An SEO professional was concerned about crawling and their crawl budget.
They have a WordPress website which generates multiple URLs automatically – these are unwanted URLs.
They are wondering if there is a way they can stop the crawler to figure out exactly what these URLs are.
They are aware they can noindex the URLs. But then, they still see them in Google Search Console under the Excluded URLs report.
John explained that they shouldn’t be worrying about the crawl budget on a site that has 10,000 URLs. Google will crawl this amount of URLs pretty quickly. This typically tends to happen within a day.
Also, they have to crawl the page in order to see the noindex meta tag. So, you can’t avoid having Google crawl the page, unless you don’t want them to see the noindex meta tag. So Google will need to check these pages from time to time.
However, the side effect of the noindex tag is that over time, Google will crawl those pages less often. They will still double check every now and then.

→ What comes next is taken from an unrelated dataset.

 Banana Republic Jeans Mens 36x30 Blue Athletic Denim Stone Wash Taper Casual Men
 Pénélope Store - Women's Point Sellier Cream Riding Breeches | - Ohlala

But they will not check as much as a normal page that is otherwise indexed.
One other approach is to use robots.txt and just block the crawling of the pages completely.
The main disadvantage in doing this is that the URL itself will be indexed in the search results, not any of the content of the page, but only the URL alone.

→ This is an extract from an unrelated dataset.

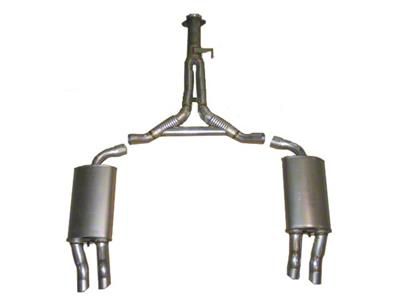 1991 Corvette Exhaust System - Cat Back with Rear Y-Pipe with Crossover and Reproduction Mufflers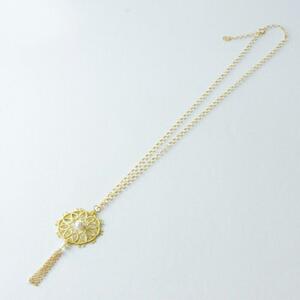 金箔ジュエリーGold-Knot ペンダント「ルー・フリンジ」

Also, if the content is pretty similar to other pages that you have created in the past, and you have some pages blocked in robots.txt, and other pages are not, then people who are searching for the pages directly could still come across these pages.
Practically speaking, though, having a noindex directive or a robots.txt block would be equivalent, in the sense that the content won’t appear in the search results. But make no mistake: if it’s blocked from crawling in robots.txt, and there is a noindex on the page, Google will pick one or the other. They will not crawl the noindex if they cannot crawl the page because it’s blocked in robots.txt.
This happens at approximately the 46:04 mark in the video.